L'intervento di Gesù nel Vangelo risolvendo una situazione penosa mira precisamente a far riprendere ai suoi discepoli la via della missione.

Egli infatti ripete in loro presenza il segno della pesca miracolosa che tre anni prima aveva convinto Pietro ad abbandonare casa, barca e familiari e a seguirlo per le strade della Palestina.

Può esercitare il ministero sacerdotale solo chi è chiamato dal Signore ed è preparato a questo scopo. Come abbiamo visto l'idoneità non si misura dalla capacità di fare miracoli o cose straordinarie, quanto dalla rettitudine della dottrina unita alla testimonianza della vita.

Chi è chiamato non può rifiutare a cuor leggero la missione che il Signore gli affida. Scrive ancora san Gregorio Magno: "Vi sono alcuni che ricevono grandi doni di virtù e spiccano per eccelse qualità: costoro se rifiutano le grandi responsabilità nel ministero anche quando vi sono chiamati, finiscono spesso con trovarsi privi dei doni che hanno ricevuto non solo per sé ma anche per altri."

E ancora: "Con quale animo chi potrebbe brillare nel bene al prossimo può preferire la propria quiete al vantaggio altrui, se l'Unigenito stesso del Sommo Padre venne in mezzo all'umanità per la salvezza universale?"

Questi due ultimi richiami valgono non solo per i chiamati ad una vocazione di speciale consacrazione, ma anche per ciascun cristiano. Chi si disinteressa ai doveri del bene comune rischia di perdere anche i meriti di una vita onesta nel caso che la rettitudine non sia sostenuta dalla solidarietà e coloro che dicono di sottrarsi agli impegni per umiltà hanno davvero questa virtù quando non oppongono resistenza alle esigenze della carità fraterna e alla volontà di Dio che li sprona.

Per tutti esiste un posto di responsabilità nella Chiesa o almeno nessuno deve sentirsi escluso da portare il suo contributo alla vita comune.

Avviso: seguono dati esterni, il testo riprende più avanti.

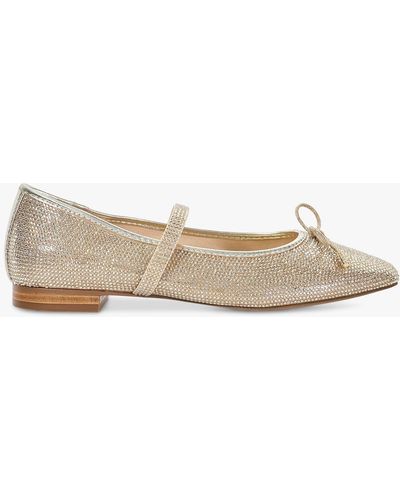 Dune Holly Embellished Mary Jane Shoes - Natural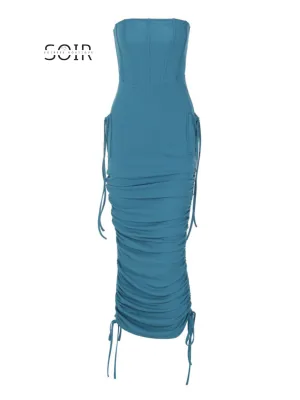 Elysian Pleat & String Elegance Dress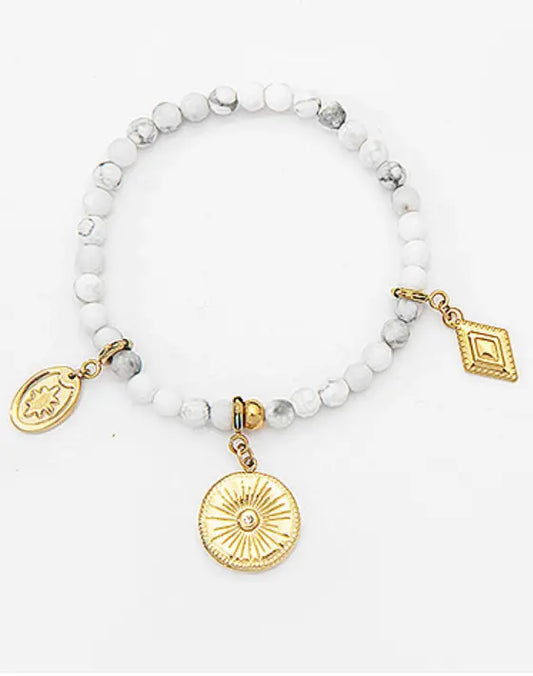 Marble With Pendant Bracelet - Lady D World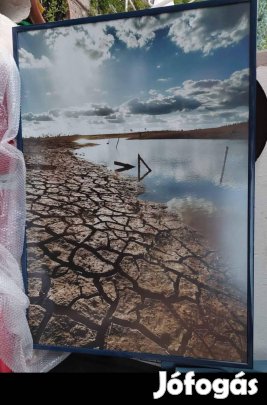 Száraz tó kép kerettel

La rete piena di centociquantatré grossi pesci del Vangelo di oggi possiamo intenderla come immagine alla Chiesa. Essa non si lacera al suo interno nonostante l'apporto di tanti caratteri diversi, anzi è fatta apposta per raccoglierli nell'unità, chiaramente finché si rimane dentro i confini dettati dal Vangelo e nello spirito di servizio che esso insegna.